*** Opening of Task data ***

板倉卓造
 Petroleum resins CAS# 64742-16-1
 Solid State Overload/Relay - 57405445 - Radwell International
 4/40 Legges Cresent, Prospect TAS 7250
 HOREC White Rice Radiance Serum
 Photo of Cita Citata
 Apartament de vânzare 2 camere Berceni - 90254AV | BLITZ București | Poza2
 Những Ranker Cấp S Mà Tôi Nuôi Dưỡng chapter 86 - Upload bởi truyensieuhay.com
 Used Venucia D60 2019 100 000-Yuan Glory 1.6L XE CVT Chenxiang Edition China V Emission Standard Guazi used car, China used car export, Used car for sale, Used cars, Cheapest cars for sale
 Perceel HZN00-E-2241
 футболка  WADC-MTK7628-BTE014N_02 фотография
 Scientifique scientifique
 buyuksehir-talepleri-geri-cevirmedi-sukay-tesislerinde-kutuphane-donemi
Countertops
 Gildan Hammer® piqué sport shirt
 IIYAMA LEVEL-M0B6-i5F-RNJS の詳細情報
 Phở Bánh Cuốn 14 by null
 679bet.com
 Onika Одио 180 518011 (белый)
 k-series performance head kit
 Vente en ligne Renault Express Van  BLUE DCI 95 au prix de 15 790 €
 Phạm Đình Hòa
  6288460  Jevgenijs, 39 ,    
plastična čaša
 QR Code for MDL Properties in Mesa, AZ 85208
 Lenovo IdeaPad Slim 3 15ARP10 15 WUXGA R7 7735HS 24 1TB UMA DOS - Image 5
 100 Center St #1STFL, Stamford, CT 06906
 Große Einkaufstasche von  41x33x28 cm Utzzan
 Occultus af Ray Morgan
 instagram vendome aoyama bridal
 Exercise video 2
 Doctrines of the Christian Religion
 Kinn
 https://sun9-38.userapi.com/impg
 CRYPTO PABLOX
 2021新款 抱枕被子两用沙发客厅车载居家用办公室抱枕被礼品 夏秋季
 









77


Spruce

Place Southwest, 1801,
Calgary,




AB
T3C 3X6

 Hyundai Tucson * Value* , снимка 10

*** Close of Task data ***

Assignment -> Restate every entry above exactly as it stands.

Expected answer ->
板倉卓造
 Petroleum resins CAS# 64742-16-1
 Solid State Overload/Relay - 57405445 - Radwell International
 4/40 Legges Cresent, Prospect TAS 7250
 HOREC White Rice Radiance Serum
 Photo of Cita Citata
 Apartament de vânzare 2 camere Berceni - 90254AV | BLITZ București | Poza2
 Những Ranker Cấp S Mà Tôi Nuôi Dưỡng chapter 86 - Upload bởi truyensieuhay.com
 Used Venucia D60 2019 100 000-Yuan Glory 1.6L XE CVT Chenxiang Edition China V Emission Standard Guazi used car, China used car export, Used car for sale, Used cars, Cheapest cars for sale
 Perceel HZN00-E-2241
 футболка  WADC-MTK7628-BTE014N_02 фотография
 Scientifique scientifique
 buyuksehir-talepleri-geri-cevirmedi-sukay-tesislerinde-kutuphane-donemi
Countertops
 Gildan Hammer® piqué sport shirt
 IIYAMA LEVEL-M0B6-i5F-RNJS の詳細情報
 Phở Bánh Cuốn 14 by null
 679bet.com
 Onika Одио 180 518011 (белый)
 k-series performance head kit
 Vente en ligne Renault Express Van  BLUE DCI 95 au prix de 15 790 €
 Phạm Đình Hòa
  6288460  Jevgenijs, 39 ,    
plastična čaša
 QR Code for MDL Properties in Mesa, AZ 85208
 Lenovo IdeaPad Slim 3 15ARP10 15 WUXGA R7 7735HS 24 1TB UMA DOS - Image 5
 100 Center St #1STFL, Stamford, CT 06906
 Große Einkaufstasche von  41x33x28 cm Utzzan
 Occultus af Ray Morgan
 instagram vendome aoyama bridal
 Exercise video 2
 Doctrines of the Christian Religion
 Kinn
 https://sun9-38.userapi.com/impg
 CRYPTO PABLOX
 2021新款 抱枕被子两用沙发客厅车载居家用办公室抱枕被礼品 夏秋季
 









77


Spruce

Place Southwest, 1801,
Calgary,




AB
T3C 3X6

 Hyundai Tucson * Value* , снимка 10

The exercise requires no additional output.